When Graves stepped outside for some air, she watched a woman and two teenage boys stop at one of the pair of boots, kneel down and delicately tie a bracelet and a cross into their laces.

Graves later told Boiko about seeing the woman, who turned out to be Kent and her sons Justin and Jared.

"Her story was so touching that people around me were just sobbing," Boiko remembered. "I took my camera the next day and went to the exhibit and found the exact boots she was talking about."

Boiko later tracked down Kent and asked if she would like the footage of the boots. She then traveled to Bellingham to interview Santos ' family.

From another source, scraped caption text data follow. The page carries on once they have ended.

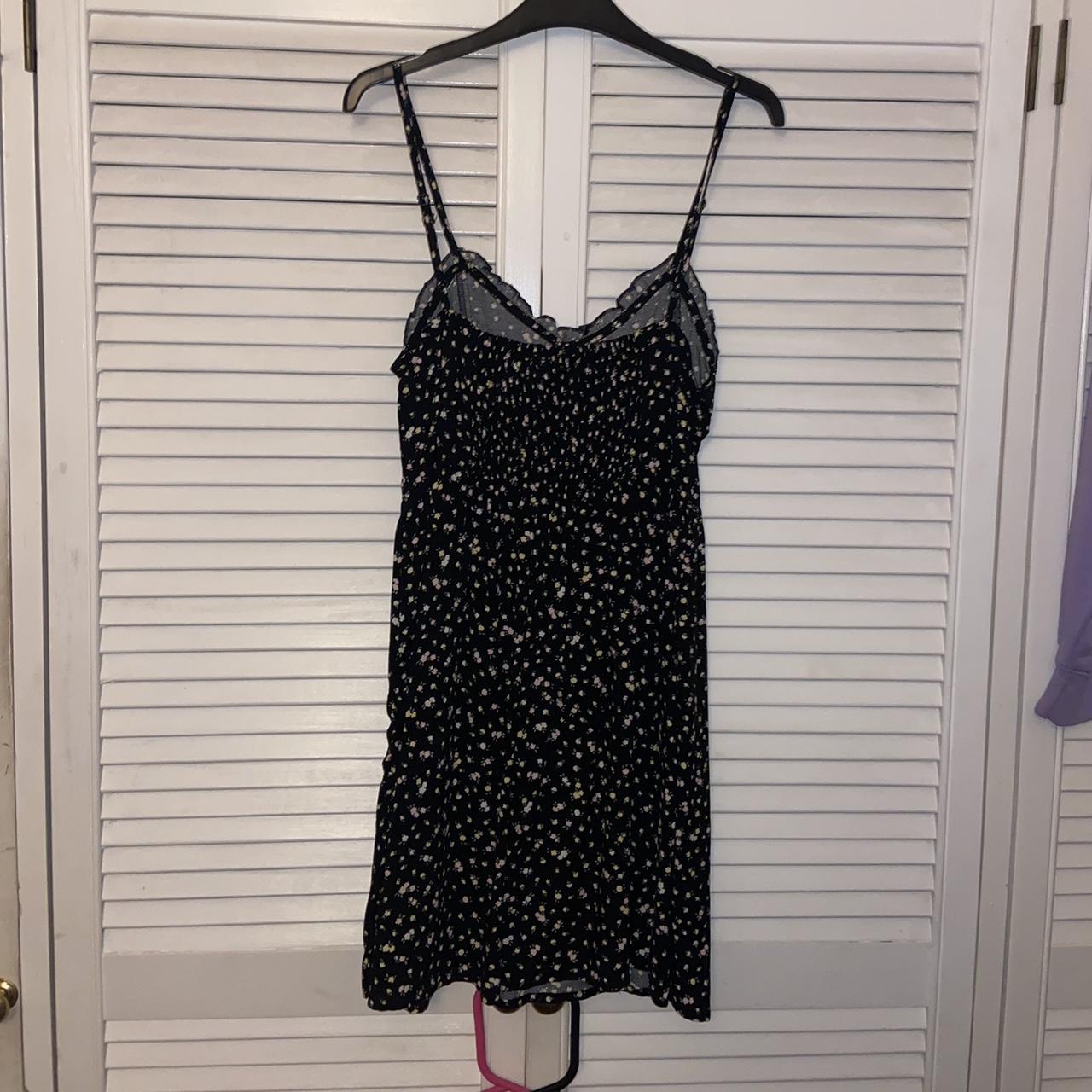 H&M Women's Black and Yellow Dress | Depop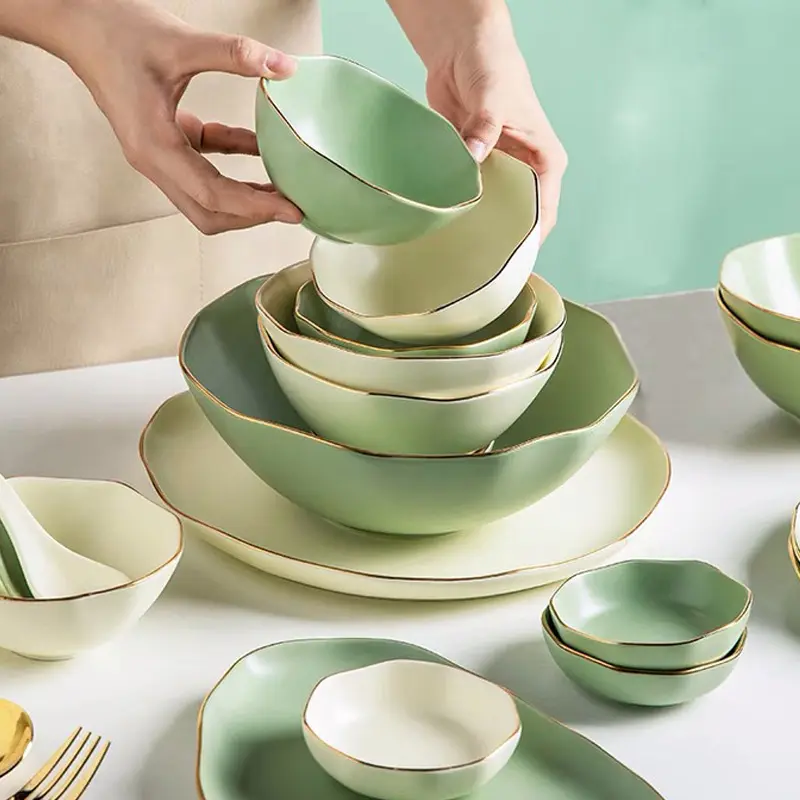 Wholesale Luxury Porcelain White Nordic Style Tableware Bowls Spoons Dinnerware Set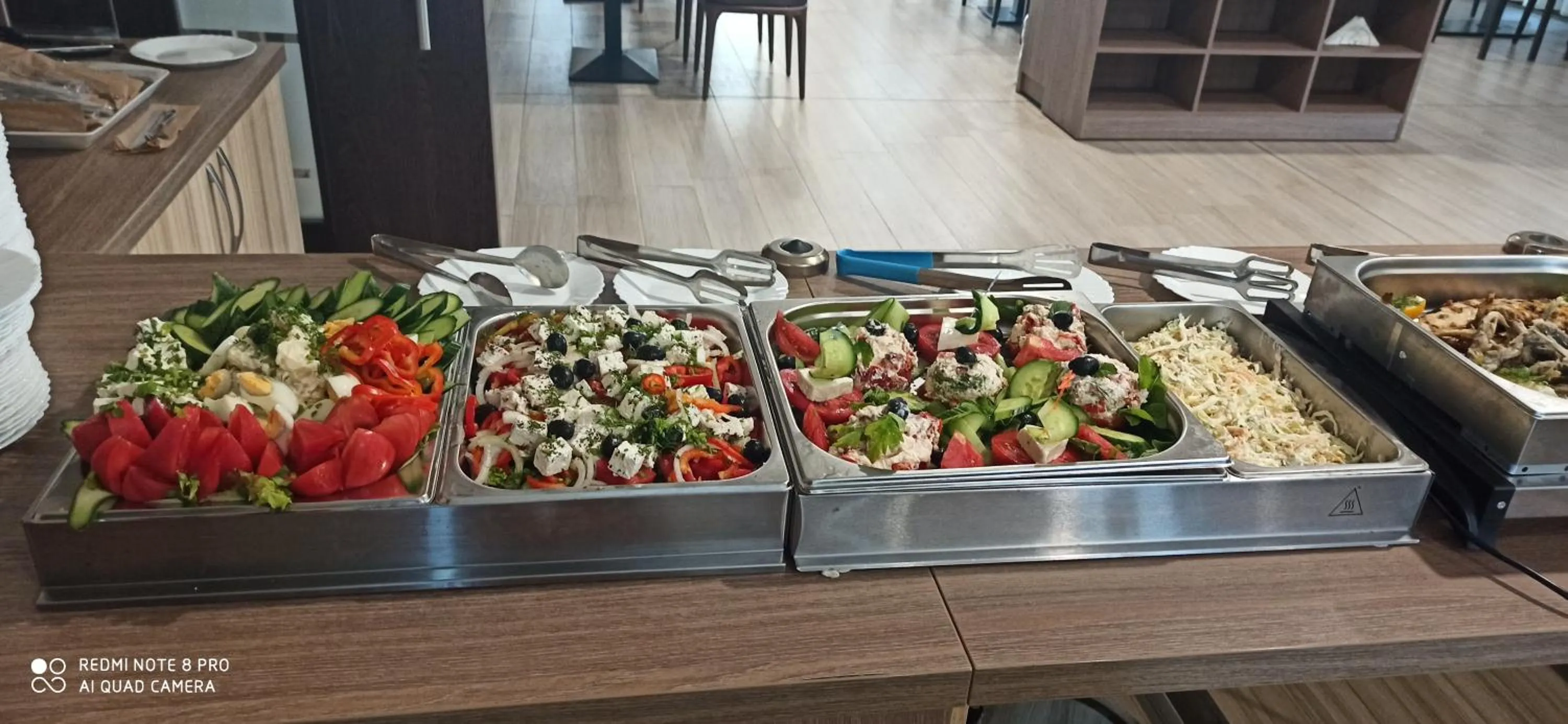 Food in Hotel Magnific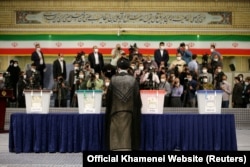 Lideri suprem, Ajatollah Ali Khamenei duke votuar në zgjedhjet presidenciale.
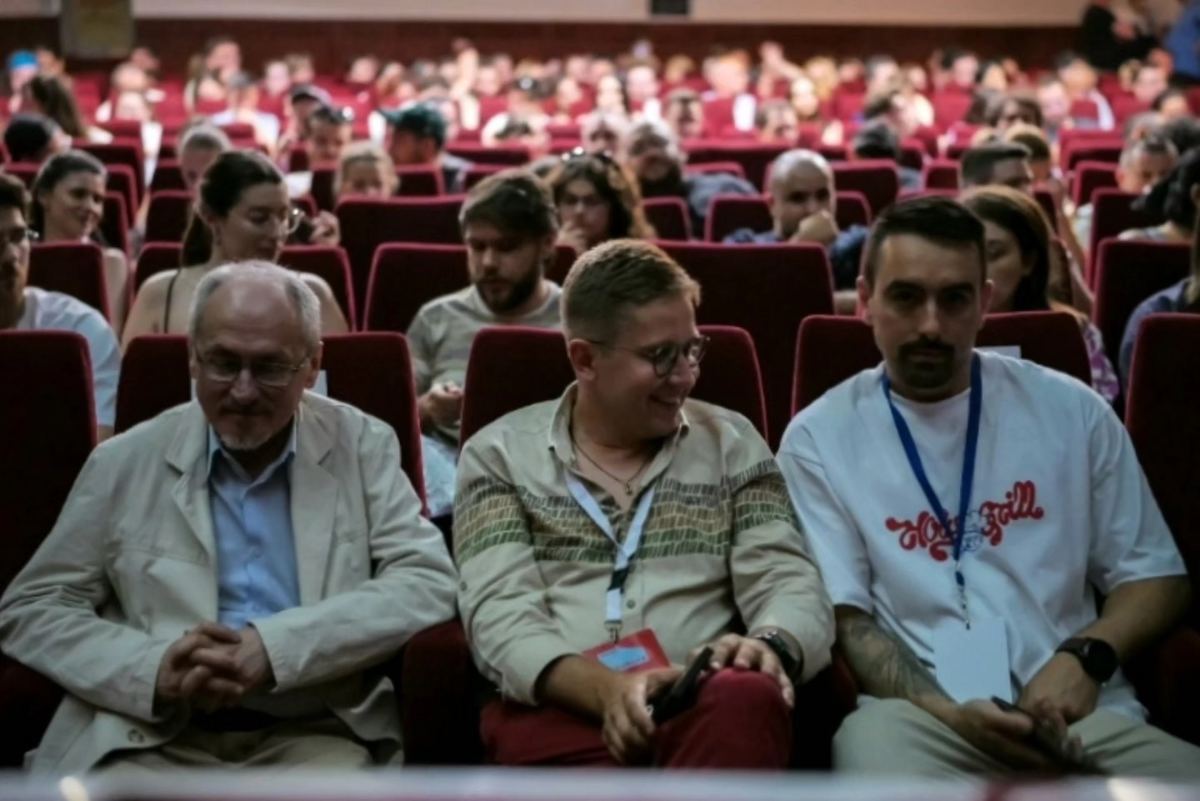 Public în sala Cinema Europa, la o proiecție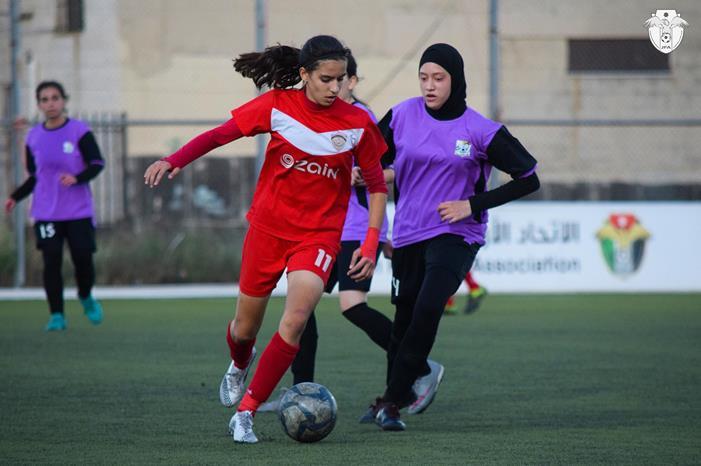 الحسين يستضيف عمان في قمة دوري الناشئات 60cbb17019b1d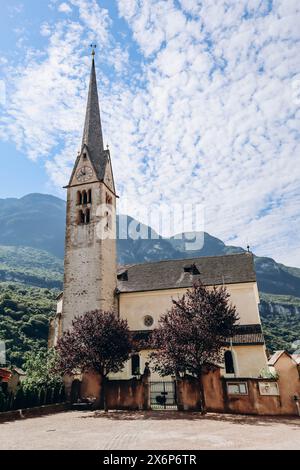 Neumarkt, Italie - 17 août 2023 : centre-ville de Neumarkt, un village du Tyrol du Sud dans le nord de l'Italie Banque D'Images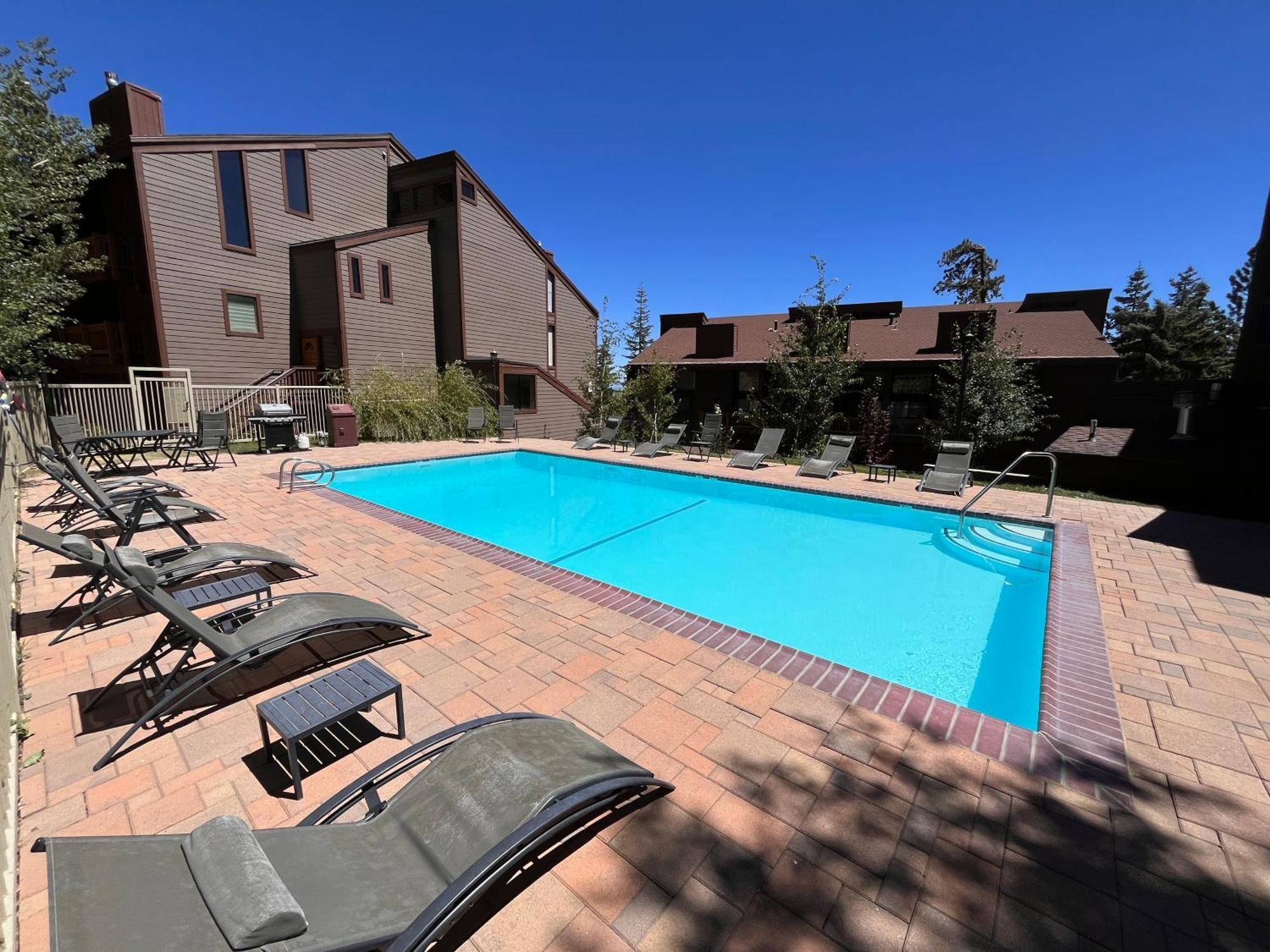 Tastefully Remodeled Condo At Mammoth Ski & Racquet Club, Hot Tub, Garage, 10 Min Walk To Ski Lifts Mammoth Lakes Eksteriør billede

As the two women talked, Kent revealed that Santos bought a camera before leaving for Iraq , and took hours of footage before he died. He also kept a journal of his deployments to Haiti and Iraq . Kent offered them both to Boiko.

So Boiko is working on a second project, one that will incorporate Santos ' words and images into a short film of 15 minutes or so.

Boiko has gotten to know Santos watching his footage in her editing studio.

She accompanied Santos to family weddings.

She watched him gaze at a friend's newborn baby.

She saw his view of the Iraqi desert.

She lingered for the several minutes Santos left the camera on while he made a "grim reaper" character out of black electrician's tape to hang in his truck in Iraq .

At first, Boiko said, she couldn't work with Santos ' tapes for more than an hour or two at a time.

"I would cry and cry," she said. "He's a very bright young man with a great sense of humor. He's so much like friends of my son. He's a real boy."

Boiko also glimpsed the man Santos was becoming in the films he made and the words he left.

"He was very much like me. He took footage of everything," she said. "He really would have been a filmmaker and maybe a writer."

A part-time family physician and documentarian working on a feature-length film about her own family, Boiko wasn't planning on taking on a project about Santos . But Kent's mission became her own - and not just because Santos was about the same age as Boiko's own children.

"I show rough cuts to people, and really, they have forgotten we have a war going on there," said Boiko. "It does amaze me how people have been able to put it out of their minds."

"When people actually can see somebody and personalize it and get to know one person," Boiko said, "they will care and they will remember."